Referring to fig. 4 and 5, fig. 4 and 5 are graphs comparing an instantaneous rotational speed waveform of an engine with an original instantaneous rotational speed waveform using the method of the present invention, fig. 4 shows a waveform of an original instantaneous rotational speed of the engine based on original rail pressure control, an oil pumping continuation angle, a rail pressure waveform during shutdown, and an instantaneous rotational speed waveform of the engine based on rail pressure control, and one oil pumping process corresponds to a peak of the instantaneous rotational speed of the engine, and it can be seen from fig. 4 that the oil pumping continuation angle of a flow control valve of a high pressure oil pump is adjusted to be maximum using the method of the present invention, and the peak of the instantaneous rotational speed of the engine is reduced when oil is pumped. The oil pumping duration angle, the rail pressure waveform during the stop, the original transient rotational speed waveform of the engine and the rotational speed waveform based on the rail pressure control are shown in fig. 5, and it can be seen from fig. 5 that the engine based on the rail pressure control is stopped before the original engine, and the stop time is shortened by more than 100 ms.

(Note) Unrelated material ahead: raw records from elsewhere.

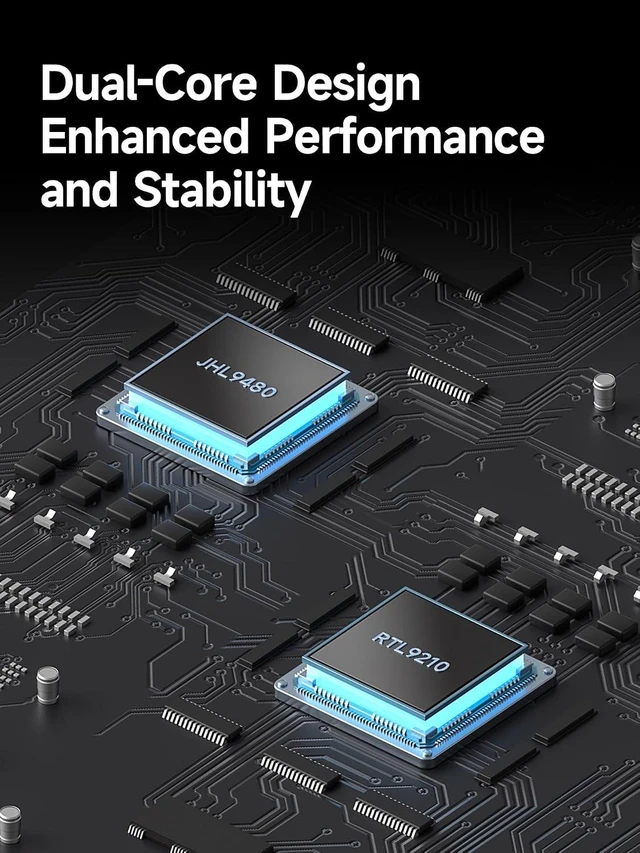 Alt view image 5 of 7 - Hagibis 80Gbps M.2 NVMe SSD Enclosure All Aluminum & Pure Copper Noiseless Heat Dissipation Compatible with Thunderbolt 5/4/3/USB4 V2.0 External SSD Up to 8TB for NVMe 2230/2242/2260/2280 SSDs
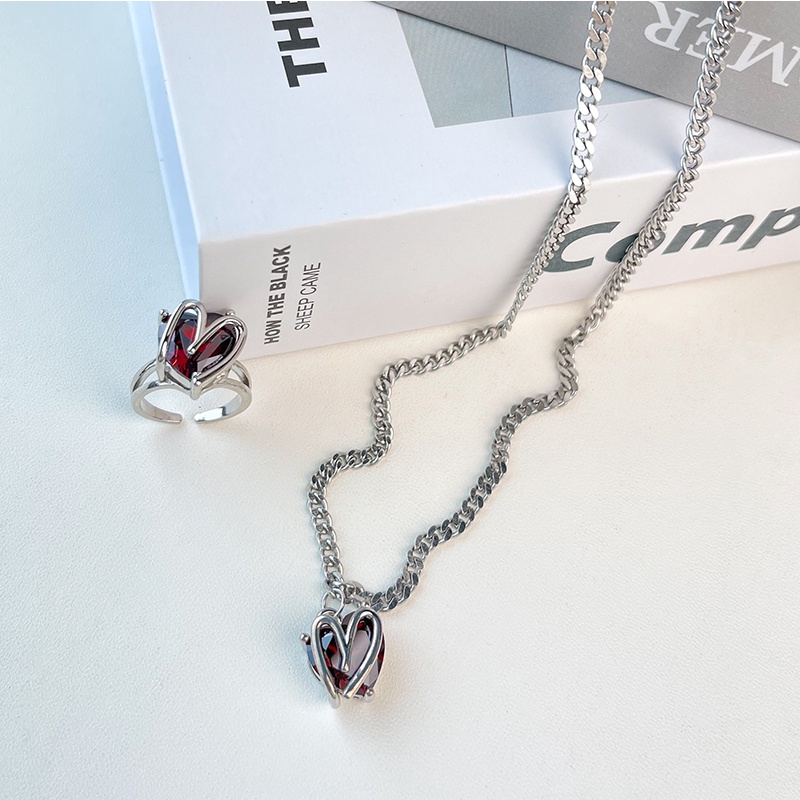 Kalung Rantai Dengan Liontin Hati Zircon Warna Merah Tua Untuk Wanita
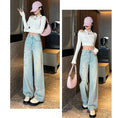 Load image into Gallery viewer, [OURI Series] ★Denim pants★ Trousers Bottoms Floral pattern Casual Easy to match Ladies Fashionable
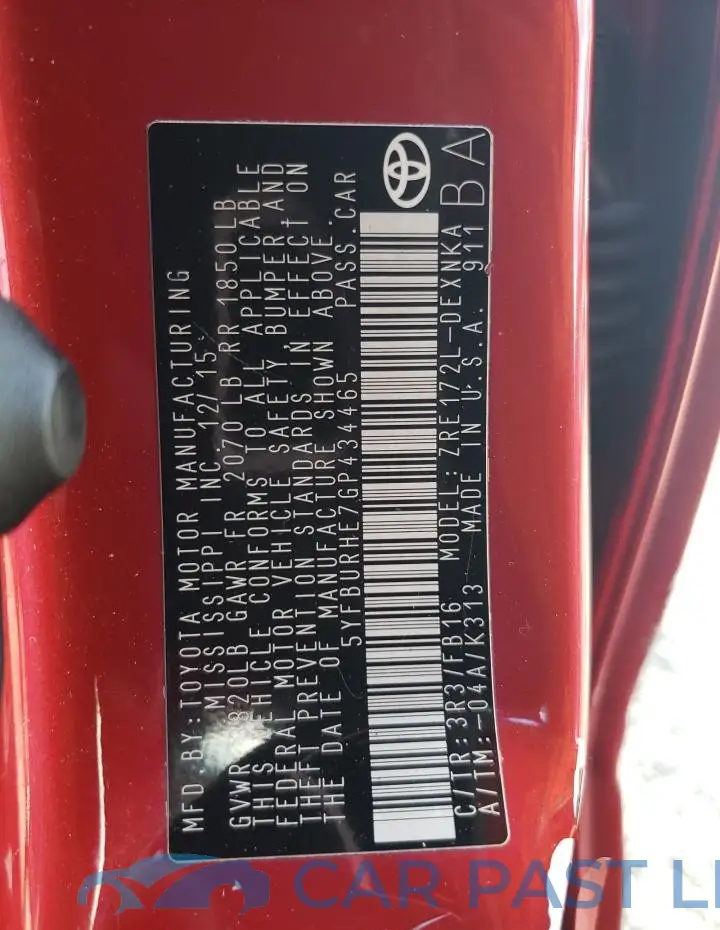 5YFBURHE7GP434465# 12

As described above, in the misfire-chattering improvement method provided by the present invention, the misfire-chattering improvement method includes: the engine control unit receives the flameout signal and enters the flameout process of the engine; the engine control unit sends out a control signal to continuously control the flow control valve to be opened; the camshaft rotates to drive the high-pressure oil pump to work; and in the transient rotating speed fluctuation rising stage in the flameout process of the engine, the continuous oil pumping angle of the flow control valve is adjusted to be maximum, and the rotating speed fluctuation of the engine is reduced. The method provided by the invention utilizes the fact that the high-pressure oil pump is driven by the camshaft, and conversely, the high-pressure oil pump can apply certain resistance to the camshaft when in work, the oil pumping continuous angle of the flow control valve of the high-pressure oil pump is adjusted to be maximum at the stage of instantaneous fluctuation rise of the rotating speed in the flameout process of an engine, so that the high-pressure oil pump works under full load, the low-pressure oil quantity pressed into the high-pressure oil rail by the plunger is maximum, the plunger of the high-pressure oil pump needs to provide larger driving force for the camshaft when in reciprocating motion, simultaneously, the resistance of the high-pressure oil pump to the camshaft is maximum, the maximum resistance moment is generated, the rotating speed of the camshaft is slowed down, further, the rotating speed of a crankshaft is slowed down, and the high-pressure oil outlet of the high-pressure oil pump establishes larger pressure, so that the, the flameout time is shortened.

The above description is only a preferred embodiment of the present invention, and does not limit the present invention in any way. It will be understood by those skilled in the art that various changes, substitutions and alterations can be made herein without departing from the spirit and scope of the invention as defined by the appended claims.